# Data supplied
************
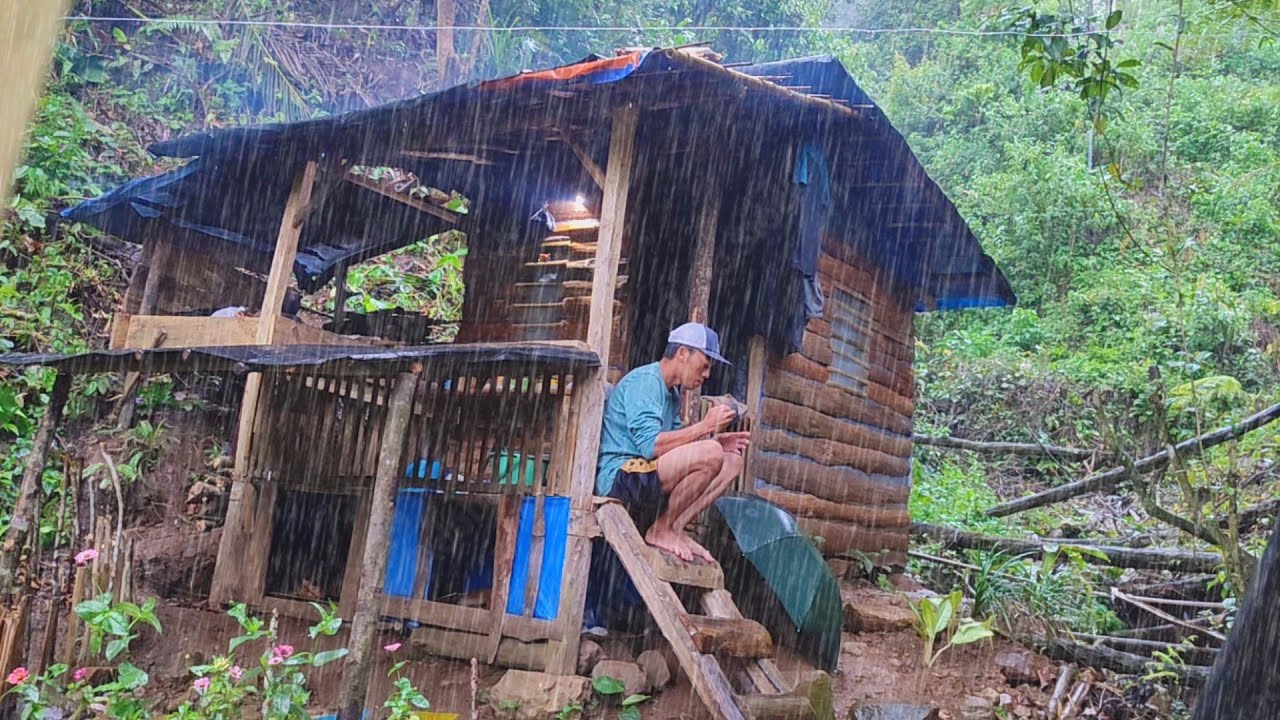 Video Jarak Perjalanan Dari Rumah Ke Pondok Hutan Yang Selalu Hujan Deras Setiap Hari 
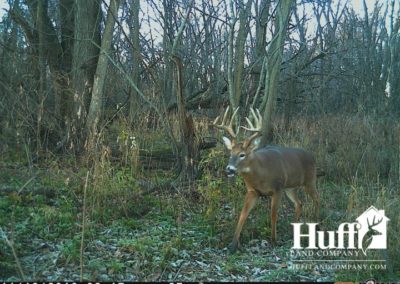 160 Acres for Sale in Butler County, Iowa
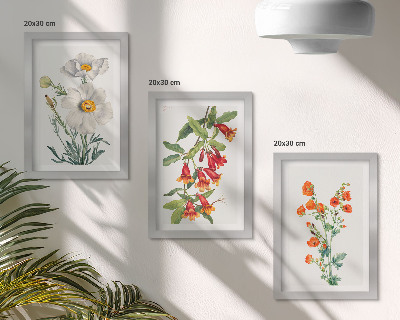Conjunto de molduras com imagens Composições florais retrô pintura vintage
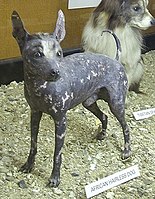 Африканская голая собака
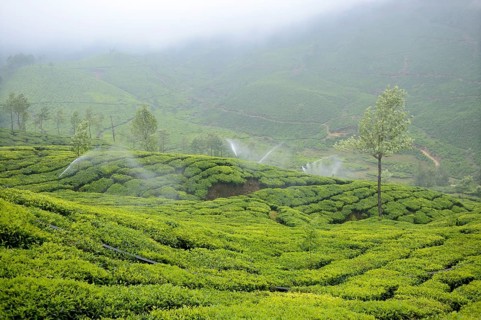 Tea plant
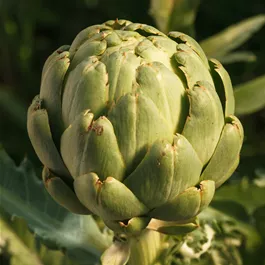 Cynara scolymus Imperial Star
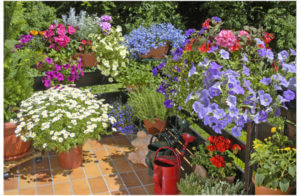 Balkon mit Sommerblumen.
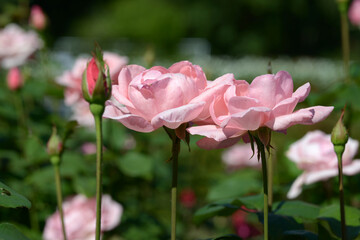 クイーンエリザベス　バラの花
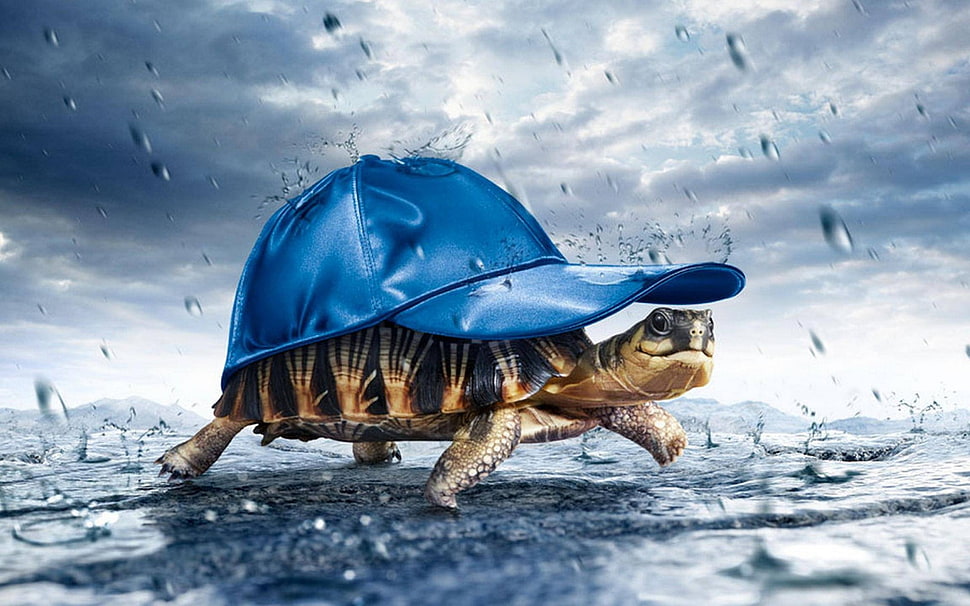 black and brown turtle illustration, artwork, rain, turtle HD wallpaper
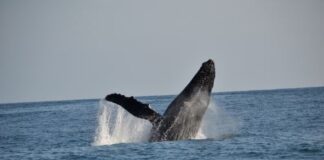 Avistamiento de Ballenas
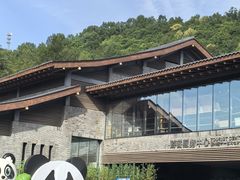 -都江堰中华大熊猫苑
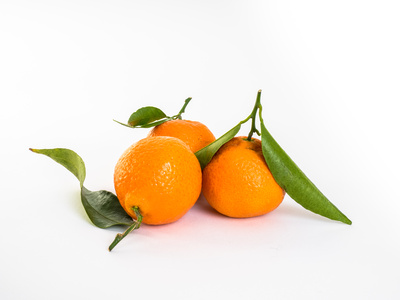 Mandarinen 6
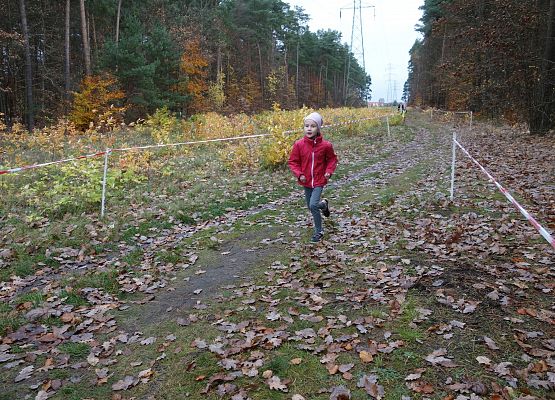 Indywidualne Biegi Przełajowe o Puchar Grand-Prix Lęborka – bieg trzeci grafika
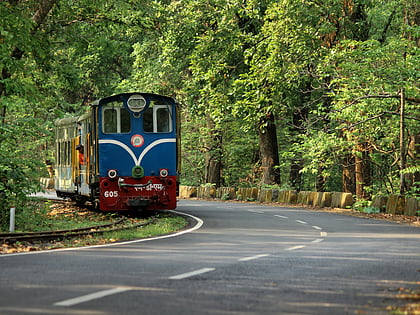 darjeeling himalayan railway dardzyling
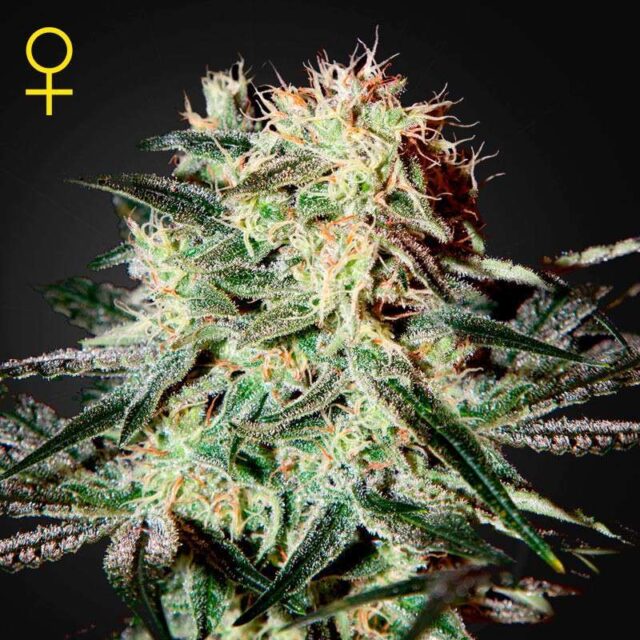 Arjan's Strawberry Haze feminizada de Green House Seeds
************
# Instructions for the task
Extract word for word every line from the line that contains "Balkon mit Sommerblumen." to the final line of the data, both included, and nothing else; skip the pictures.

# Result of the exercise
 Balkon mit Sommerblumen.
 クイーンエリザベス　バラの花
 black and brown turtle illustration, artwork, rain, turtle HD wallpaper
 Avistamiento de Ballenas
 -都江堰中华大熊猫苑
 Mandarinen 6
 Indywidualne Biegi Przełajowe o Puchar Grand-Prix Lęborka – bieg trzeci grafika
 darjeeling himalayan railway dardzyling
 Arjan's Strawberry Haze feminizada de Green House Seeds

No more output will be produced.